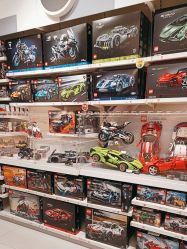 -乐高授权专卖店(鲁能城购物中心店)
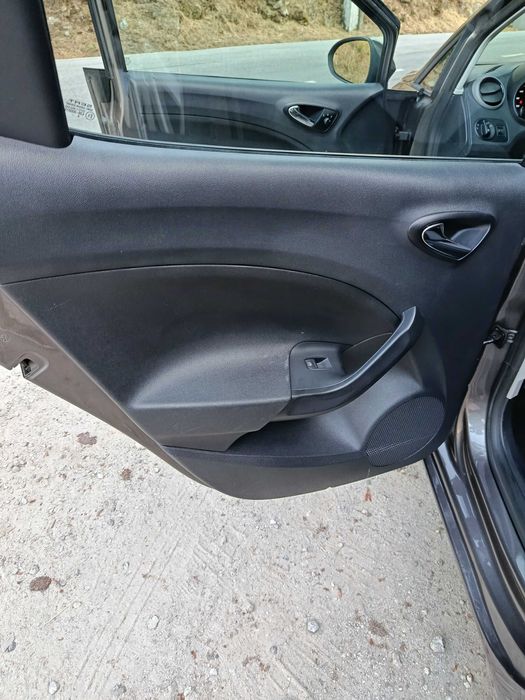 SEAT Ibiza 1.0 a gasolina 75cv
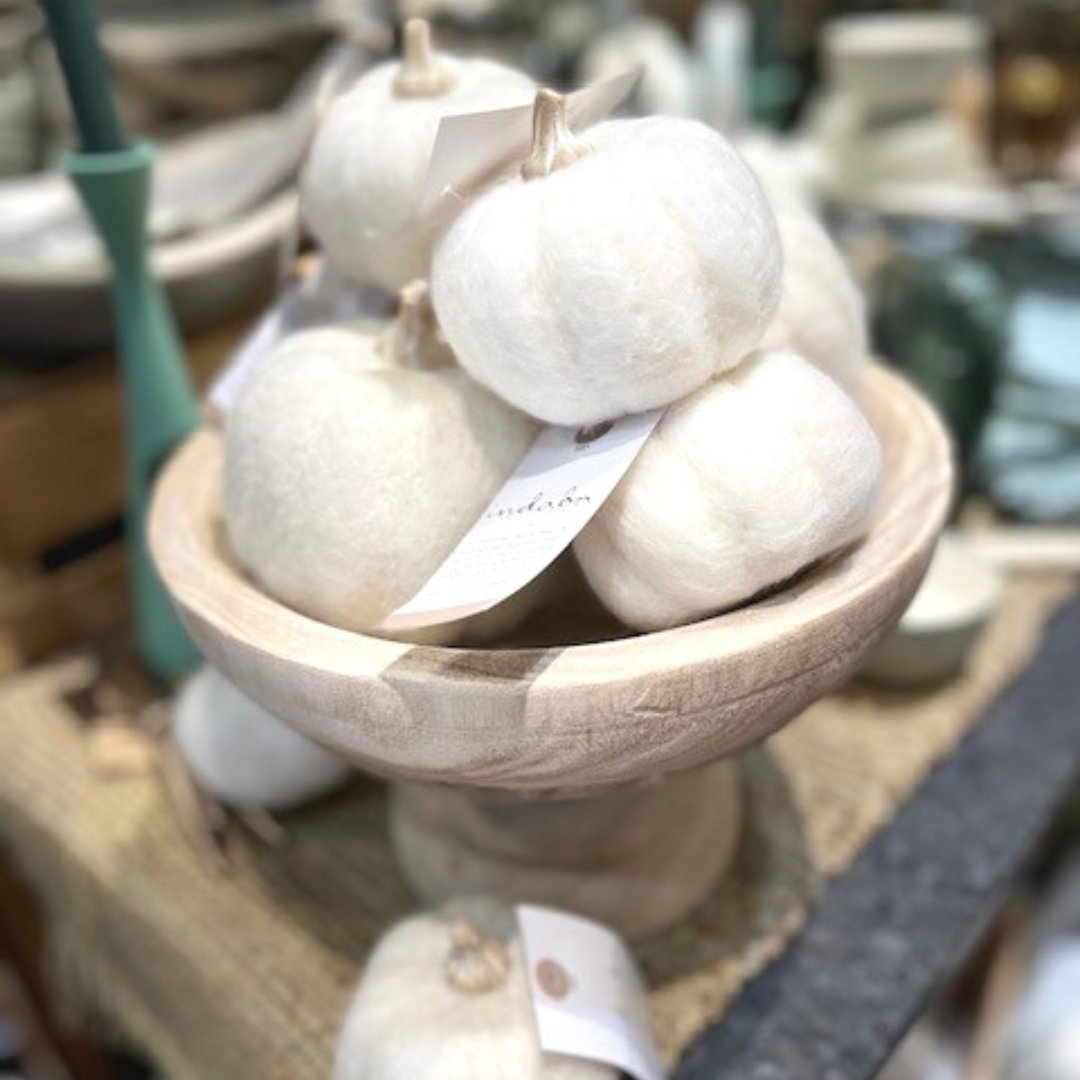 These beautiful pumpkins are giving us all kinds of fall vibes!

=== About this task ===
Reproduce the whole of the data, word for word, and omit its pictures.

=== Answer to this exercise ===
 -乐高授权专卖店(鲁能城购物中心店)
 SEAT Ibiza 1.0 a gasolina 75cv
 These beautiful pumpkins are giving us all kinds of fall vibes!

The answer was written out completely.